Ponyri is an urban-type settlement in the Ponyrovsky District of the Kursk Oblast. It has been famous for its apples, known as Antonovskiye Yabloki (Antonov's apples [variety]) In the Soviet era it largely consisted of two state farms (sovkhozi), Ponyri 1 and 2. In English-language publications it is sometimes referred to as Ponyri Station, due to its location on the railway between Oryol and Kursk. Population:

== Great Patriotic War ==
Following the Nazi invasion, Ponyri was not under threat of occupation until late October, 1941, when the German XXXXVIII Motorized Corps pushed through against minimal resistance but while enduring minimal supplies and appalling weather on its way to Kursk.
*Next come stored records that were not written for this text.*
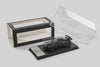 (Pre-Order) 1/64 Model Collect MCNR35BKC Nissan GT-R R35 Black/ Camouflage
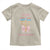 Happy Hanukkah Coquette Toddler T Shirt Cute Menorah Pink Bow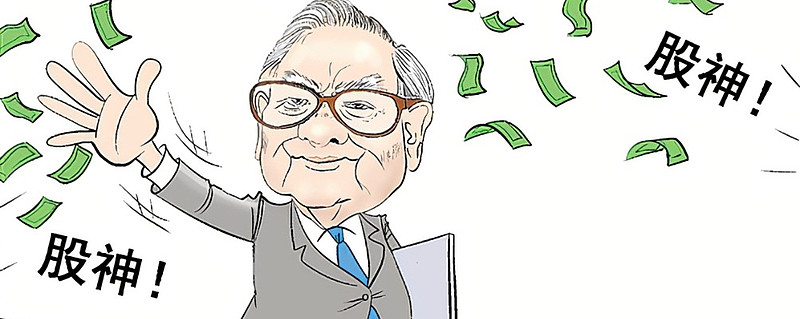 我也不想被他吊着呀但是他叫我股神耶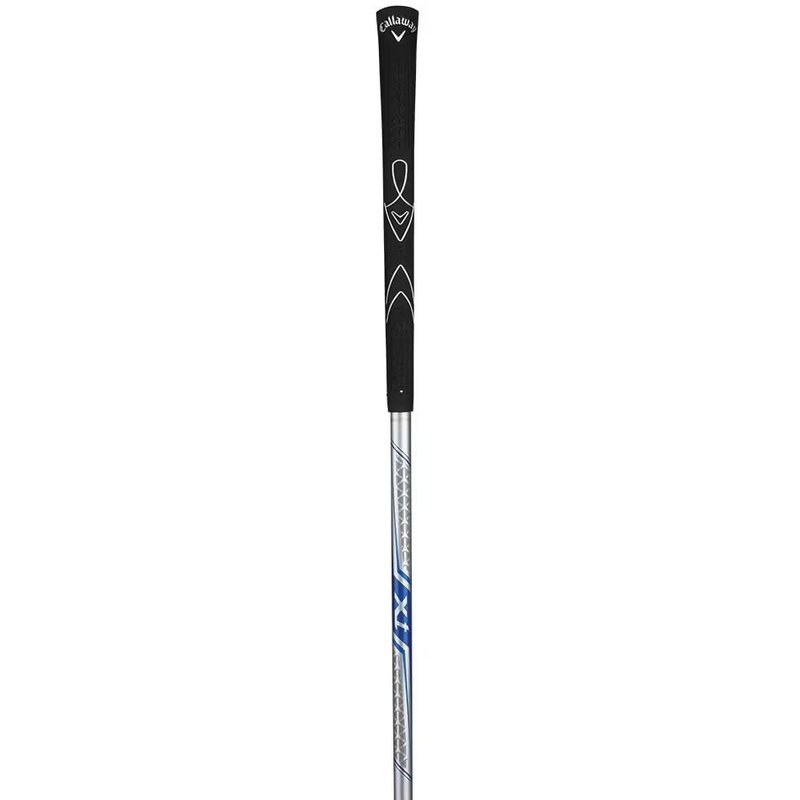 Callaway XT Teen set da golf junior, grafite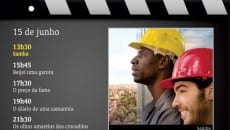 Atraente desde sempre 6 varilux5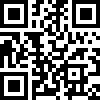 https://hawzahnews.com/x9D2q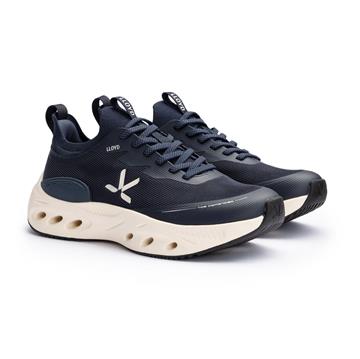 LLOYD DASH ERA Dame Sneaker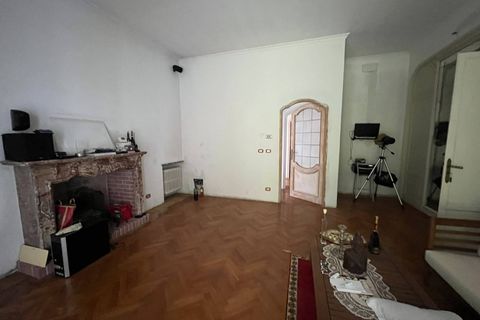 Villa i Torino, Turin, Torino - € 1.250.000 | Ref: 14839 - foto 10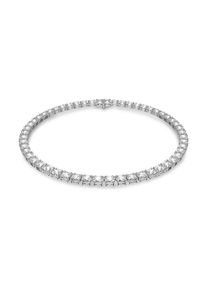 Swarovski Kette Matrix Square 5599153
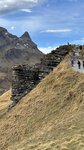 IMG_3327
Ponyri remained under German occupation until February, 1943. In the course of the Soviet winter counter-offensive on the southern half of the front, following their victory at Stalingrad, elements of Bryansk Front's 48th and 13th Armies liberated the settlement on February 9. The Soviet advance was brought to a halt in late February with the lines several kilometres north of Ponyri, and they began to dig in, at first as a matter of course, and then more seriously as a summer German offensive was anticipated.

== Battle of Kursk ==
The north shoulder of the Kursk salient was defended by 13th Army of Gen. K.K. Rokossovsky's Central Front in the first line. On April 21, Rokossovsky was ordered by STAVKA to evacuate the civilian population from the frontal zone to a depth of 25 km, including Ponyri, so as to adapt the evacuated towns, villages and settlements for defense.

The first attacks on Ponyri came from the air on the first morning of the battle. Rokossovsky had anticipated that the main German 9th Army attack would come straight down the rail line, but in fact it struck somewhat farther west, and he scrambled to get reserves into place. The 3rd Tank Corps was deployed to the south of Ponyri in the afternoon, as well as the 3rd and 4th Guards Airborne Divisions, in support of the 307th Rifle Division.

On the following days the 9th and 18th Panzer Divisions gradually pushed into Ponyri, at great cost to both sides. The German writer, Paul Carell, described it as "the Stalingrad of the Kursk salient." The 307th fiercely contested the schoolhouse, the water tower, the train and the field tractor stations. The 1023rd Rifle Regiment hung on to the high ground of Hill 253.5, just to the south of the settlement, and by July 11 the German forces were stuck fast, many kilometres from their objectives.